AngloGold in South Africa aims to go from 4 kms (2-1/2 miles) down to 5 kms by using radical techniques such as cutting rocks instead of blasting to unlock 70 million additional ounces of gold.
"This can be applied elsewhere, whether it is 500 meters or 5,000 meters," Chief Executive Mark Cutifani said in a telephone interview on November 09 after the group unveiled a surge in third-quarter earnings that beat market expectations.
He also said he expected to find ore bodies at South African depths outside the country and that it was vital to get the technology right now. "The one underlying message is that we have done a pretty good job finding the shallow stuff. But most of the world's ore bodies that we find in the future will be deeper," he said.

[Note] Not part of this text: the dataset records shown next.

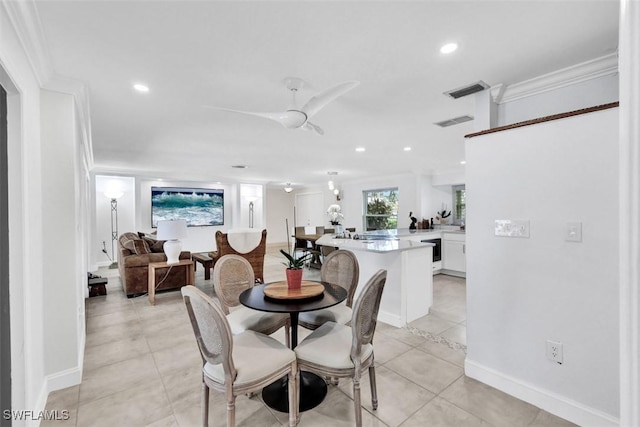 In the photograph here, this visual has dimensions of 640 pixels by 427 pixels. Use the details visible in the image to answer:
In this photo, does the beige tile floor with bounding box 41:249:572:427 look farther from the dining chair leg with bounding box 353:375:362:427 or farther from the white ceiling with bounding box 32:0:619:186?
the white ceiling with bounding box 32:0:619:186

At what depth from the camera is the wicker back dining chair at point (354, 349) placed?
1.74 meters

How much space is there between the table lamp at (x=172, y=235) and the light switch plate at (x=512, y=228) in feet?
13.1

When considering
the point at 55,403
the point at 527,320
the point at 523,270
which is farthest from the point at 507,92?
the point at 55,403

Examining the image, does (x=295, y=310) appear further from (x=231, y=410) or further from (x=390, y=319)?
(x=390, y=319)

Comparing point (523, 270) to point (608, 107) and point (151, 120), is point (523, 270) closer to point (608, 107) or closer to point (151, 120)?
point (608, 107)

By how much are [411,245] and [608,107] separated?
7.16 ft

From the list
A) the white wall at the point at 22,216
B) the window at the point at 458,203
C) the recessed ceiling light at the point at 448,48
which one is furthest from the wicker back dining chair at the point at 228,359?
the window at the point at 458,203

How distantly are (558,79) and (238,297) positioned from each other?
3014 millimetres

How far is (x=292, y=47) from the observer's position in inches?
77.0

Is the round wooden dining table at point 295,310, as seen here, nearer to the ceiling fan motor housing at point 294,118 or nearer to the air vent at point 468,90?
the ceiling fan motor housing at point 294,118

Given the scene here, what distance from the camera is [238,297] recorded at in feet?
8.16

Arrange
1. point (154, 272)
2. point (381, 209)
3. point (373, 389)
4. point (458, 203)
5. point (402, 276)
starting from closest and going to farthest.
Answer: point (373, 389) < point (402, 276) < point (154, 272) < point (458, 203) < point (381, 209)

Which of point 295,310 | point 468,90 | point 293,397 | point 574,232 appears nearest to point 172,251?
point 295,310

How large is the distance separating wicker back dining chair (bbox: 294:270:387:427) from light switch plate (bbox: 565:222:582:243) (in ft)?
4.06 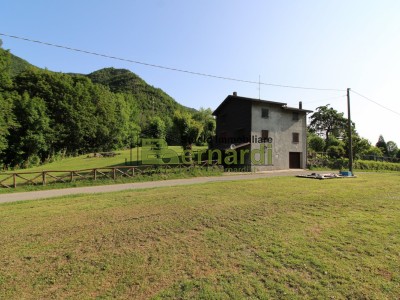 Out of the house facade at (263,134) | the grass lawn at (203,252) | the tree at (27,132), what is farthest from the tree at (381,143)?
the tree at (27,132)

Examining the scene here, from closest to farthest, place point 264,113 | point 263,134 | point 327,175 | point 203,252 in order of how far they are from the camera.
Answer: point 203,252
point 327,175
point 263,134
point 264,113

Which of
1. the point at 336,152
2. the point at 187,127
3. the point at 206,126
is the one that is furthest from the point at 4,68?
the point at 336,152

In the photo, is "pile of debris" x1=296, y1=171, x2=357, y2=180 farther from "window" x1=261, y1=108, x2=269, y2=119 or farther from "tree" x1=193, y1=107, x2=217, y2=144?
"tree" x1=193, y1=107, x2=217, y2=144

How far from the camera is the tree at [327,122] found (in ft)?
193

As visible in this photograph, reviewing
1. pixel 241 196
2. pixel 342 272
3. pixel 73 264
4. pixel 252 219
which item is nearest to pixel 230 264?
pixel 342 272

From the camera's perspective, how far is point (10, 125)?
3038 centimetres

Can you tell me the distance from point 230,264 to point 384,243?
12.4 feet

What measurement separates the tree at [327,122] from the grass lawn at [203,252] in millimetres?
60482

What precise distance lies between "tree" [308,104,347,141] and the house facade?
39.1 metres

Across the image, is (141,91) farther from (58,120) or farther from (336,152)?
(336,152)

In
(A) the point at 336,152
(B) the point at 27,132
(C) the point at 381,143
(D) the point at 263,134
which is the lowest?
(A) the point at 336,152

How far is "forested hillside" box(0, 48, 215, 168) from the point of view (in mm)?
32250

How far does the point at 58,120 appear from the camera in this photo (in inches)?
1575

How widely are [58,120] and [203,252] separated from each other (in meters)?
45.1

AngloGold currently operates the world's deepest mines, and its Mponeng operation in South Africa is about 4 km down. Asked if he expected to find ore bodies at similar depths elsewhere, Cutifani said: "I think we can."
"In Australia we are at 1,000 meters, and we don't have the bottom of the ore body at Sunrise Dam mine, so who knows? In Brazil we've got operations down to 2.5 kms, and we don't see the bottom of the ore body there," he said. Miners in South Africa are blazing the technological trail to depths that until recently would have seemed like science fiction.

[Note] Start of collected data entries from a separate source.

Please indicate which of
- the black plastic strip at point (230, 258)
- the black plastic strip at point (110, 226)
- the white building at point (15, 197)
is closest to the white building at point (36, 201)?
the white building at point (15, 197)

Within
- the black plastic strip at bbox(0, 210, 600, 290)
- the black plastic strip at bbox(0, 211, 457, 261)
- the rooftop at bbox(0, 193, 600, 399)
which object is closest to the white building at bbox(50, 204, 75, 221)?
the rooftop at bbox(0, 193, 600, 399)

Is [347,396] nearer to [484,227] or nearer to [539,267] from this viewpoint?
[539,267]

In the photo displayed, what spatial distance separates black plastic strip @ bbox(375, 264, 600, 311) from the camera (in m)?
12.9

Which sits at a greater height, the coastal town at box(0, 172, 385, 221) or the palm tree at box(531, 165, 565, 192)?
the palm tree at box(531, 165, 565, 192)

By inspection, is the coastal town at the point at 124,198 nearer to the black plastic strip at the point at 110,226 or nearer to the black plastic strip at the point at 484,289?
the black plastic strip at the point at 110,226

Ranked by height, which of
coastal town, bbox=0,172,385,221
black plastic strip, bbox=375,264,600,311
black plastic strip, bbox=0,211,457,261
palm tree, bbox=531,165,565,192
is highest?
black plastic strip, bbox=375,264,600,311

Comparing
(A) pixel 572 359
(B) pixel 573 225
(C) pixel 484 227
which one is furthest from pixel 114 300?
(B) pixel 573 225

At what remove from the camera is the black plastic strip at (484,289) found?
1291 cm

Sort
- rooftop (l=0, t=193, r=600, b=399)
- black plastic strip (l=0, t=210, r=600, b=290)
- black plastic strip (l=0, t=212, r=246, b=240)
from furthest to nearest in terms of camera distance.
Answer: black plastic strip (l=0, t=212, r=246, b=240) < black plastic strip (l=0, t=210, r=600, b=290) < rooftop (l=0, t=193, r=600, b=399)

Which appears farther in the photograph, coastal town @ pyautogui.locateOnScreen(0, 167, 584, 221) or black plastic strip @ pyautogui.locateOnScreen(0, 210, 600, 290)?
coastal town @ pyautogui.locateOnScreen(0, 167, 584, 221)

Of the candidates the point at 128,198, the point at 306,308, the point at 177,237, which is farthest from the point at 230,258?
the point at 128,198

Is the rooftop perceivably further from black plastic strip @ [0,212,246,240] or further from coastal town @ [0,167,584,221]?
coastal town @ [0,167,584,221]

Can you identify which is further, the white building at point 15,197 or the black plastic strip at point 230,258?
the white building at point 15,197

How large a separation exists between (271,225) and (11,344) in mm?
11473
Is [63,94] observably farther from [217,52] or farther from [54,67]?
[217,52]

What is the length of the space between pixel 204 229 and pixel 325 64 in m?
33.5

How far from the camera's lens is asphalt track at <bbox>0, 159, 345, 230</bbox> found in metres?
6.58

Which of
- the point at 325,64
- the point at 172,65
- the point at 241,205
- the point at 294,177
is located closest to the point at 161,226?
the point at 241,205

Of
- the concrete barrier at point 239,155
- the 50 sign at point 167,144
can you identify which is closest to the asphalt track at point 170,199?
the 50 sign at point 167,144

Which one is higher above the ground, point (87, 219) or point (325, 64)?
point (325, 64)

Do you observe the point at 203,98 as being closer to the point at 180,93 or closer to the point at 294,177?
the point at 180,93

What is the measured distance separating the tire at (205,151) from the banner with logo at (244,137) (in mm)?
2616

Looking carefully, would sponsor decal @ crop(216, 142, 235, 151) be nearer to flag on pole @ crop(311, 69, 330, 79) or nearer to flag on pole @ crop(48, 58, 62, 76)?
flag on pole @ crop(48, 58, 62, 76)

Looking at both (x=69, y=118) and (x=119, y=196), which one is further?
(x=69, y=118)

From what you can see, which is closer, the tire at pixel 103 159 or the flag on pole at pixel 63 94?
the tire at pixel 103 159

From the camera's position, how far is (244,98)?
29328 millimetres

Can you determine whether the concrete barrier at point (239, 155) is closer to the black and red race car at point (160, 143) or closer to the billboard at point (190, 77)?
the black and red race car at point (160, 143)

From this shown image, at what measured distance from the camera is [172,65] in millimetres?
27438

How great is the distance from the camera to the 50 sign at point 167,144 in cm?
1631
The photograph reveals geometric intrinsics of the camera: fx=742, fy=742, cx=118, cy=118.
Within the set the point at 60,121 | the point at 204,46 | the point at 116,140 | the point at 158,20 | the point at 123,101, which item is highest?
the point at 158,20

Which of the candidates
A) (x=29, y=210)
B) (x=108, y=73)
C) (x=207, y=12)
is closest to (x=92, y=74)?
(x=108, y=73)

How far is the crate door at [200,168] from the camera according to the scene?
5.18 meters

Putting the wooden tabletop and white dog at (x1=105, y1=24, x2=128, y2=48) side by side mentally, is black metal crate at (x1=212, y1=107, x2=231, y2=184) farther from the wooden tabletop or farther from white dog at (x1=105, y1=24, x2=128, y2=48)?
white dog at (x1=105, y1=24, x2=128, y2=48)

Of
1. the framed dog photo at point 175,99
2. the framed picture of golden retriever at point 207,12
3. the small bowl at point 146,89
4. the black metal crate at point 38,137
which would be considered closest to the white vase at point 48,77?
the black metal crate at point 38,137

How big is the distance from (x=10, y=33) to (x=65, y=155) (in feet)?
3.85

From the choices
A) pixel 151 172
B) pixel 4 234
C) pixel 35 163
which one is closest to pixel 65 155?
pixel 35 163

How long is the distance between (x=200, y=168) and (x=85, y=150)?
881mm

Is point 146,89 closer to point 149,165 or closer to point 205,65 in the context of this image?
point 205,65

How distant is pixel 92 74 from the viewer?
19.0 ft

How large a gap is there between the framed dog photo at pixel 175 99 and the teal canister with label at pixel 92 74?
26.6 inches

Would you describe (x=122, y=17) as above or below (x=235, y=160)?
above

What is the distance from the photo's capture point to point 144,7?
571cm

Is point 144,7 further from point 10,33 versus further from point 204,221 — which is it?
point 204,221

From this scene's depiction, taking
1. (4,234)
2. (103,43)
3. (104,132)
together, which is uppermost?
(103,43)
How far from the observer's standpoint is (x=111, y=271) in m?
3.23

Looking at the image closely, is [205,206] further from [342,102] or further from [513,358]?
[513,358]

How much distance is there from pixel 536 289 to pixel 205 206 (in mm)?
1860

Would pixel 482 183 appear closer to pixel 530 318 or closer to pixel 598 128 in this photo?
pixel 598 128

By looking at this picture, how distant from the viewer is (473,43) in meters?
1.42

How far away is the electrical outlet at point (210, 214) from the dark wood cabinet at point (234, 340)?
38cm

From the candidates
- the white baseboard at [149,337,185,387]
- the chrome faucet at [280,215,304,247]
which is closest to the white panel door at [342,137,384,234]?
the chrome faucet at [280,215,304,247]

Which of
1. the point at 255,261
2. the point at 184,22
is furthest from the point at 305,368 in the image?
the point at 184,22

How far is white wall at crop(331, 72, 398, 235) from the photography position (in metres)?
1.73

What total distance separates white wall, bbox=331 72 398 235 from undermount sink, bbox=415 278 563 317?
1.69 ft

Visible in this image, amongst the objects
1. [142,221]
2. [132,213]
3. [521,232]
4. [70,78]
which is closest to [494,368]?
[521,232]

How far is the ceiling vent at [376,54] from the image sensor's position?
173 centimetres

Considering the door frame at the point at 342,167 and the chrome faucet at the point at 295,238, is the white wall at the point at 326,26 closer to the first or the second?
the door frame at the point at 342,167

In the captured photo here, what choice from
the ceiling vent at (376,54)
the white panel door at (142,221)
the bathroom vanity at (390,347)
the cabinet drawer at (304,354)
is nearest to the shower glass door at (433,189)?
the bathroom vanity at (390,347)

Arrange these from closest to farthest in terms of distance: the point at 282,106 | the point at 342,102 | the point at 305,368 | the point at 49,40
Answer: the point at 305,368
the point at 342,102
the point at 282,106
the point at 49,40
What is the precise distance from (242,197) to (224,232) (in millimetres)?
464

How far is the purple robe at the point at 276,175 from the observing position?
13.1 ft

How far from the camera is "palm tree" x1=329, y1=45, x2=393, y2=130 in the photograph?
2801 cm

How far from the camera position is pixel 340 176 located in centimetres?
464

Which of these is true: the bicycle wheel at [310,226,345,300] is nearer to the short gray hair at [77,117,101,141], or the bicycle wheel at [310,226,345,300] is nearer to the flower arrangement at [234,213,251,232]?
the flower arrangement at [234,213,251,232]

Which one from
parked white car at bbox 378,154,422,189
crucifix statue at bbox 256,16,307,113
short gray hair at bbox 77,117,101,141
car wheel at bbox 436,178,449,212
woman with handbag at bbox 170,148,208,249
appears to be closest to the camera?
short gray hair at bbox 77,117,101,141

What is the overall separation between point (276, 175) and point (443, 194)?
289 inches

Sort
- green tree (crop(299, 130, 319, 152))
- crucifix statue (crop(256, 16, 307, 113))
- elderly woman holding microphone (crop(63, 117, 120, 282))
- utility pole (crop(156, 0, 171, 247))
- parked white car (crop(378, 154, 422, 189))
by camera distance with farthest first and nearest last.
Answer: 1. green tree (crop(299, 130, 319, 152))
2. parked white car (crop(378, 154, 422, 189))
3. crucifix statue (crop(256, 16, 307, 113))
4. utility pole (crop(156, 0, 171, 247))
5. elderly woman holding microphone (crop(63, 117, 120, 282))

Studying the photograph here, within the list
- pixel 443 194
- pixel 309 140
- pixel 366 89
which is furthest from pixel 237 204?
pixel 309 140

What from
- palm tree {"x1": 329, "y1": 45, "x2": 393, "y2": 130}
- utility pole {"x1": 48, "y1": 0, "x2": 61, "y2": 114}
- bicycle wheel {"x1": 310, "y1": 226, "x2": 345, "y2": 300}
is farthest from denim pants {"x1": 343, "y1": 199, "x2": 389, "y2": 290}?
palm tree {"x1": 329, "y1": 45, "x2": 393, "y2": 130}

"The nature of the reef structure in South Africa makes it particularly suited to these sets of technology changes," Cutifani said. These changes involve replacing blasting with machines to mechanically cut the rock and removing workers from the narrow passages known as stopes.
AngloGold has signaled it wants a working model for this transition in three to five years. "It will take another five years to covert the whole operation in South Africa to that style of mining," Cutifani said.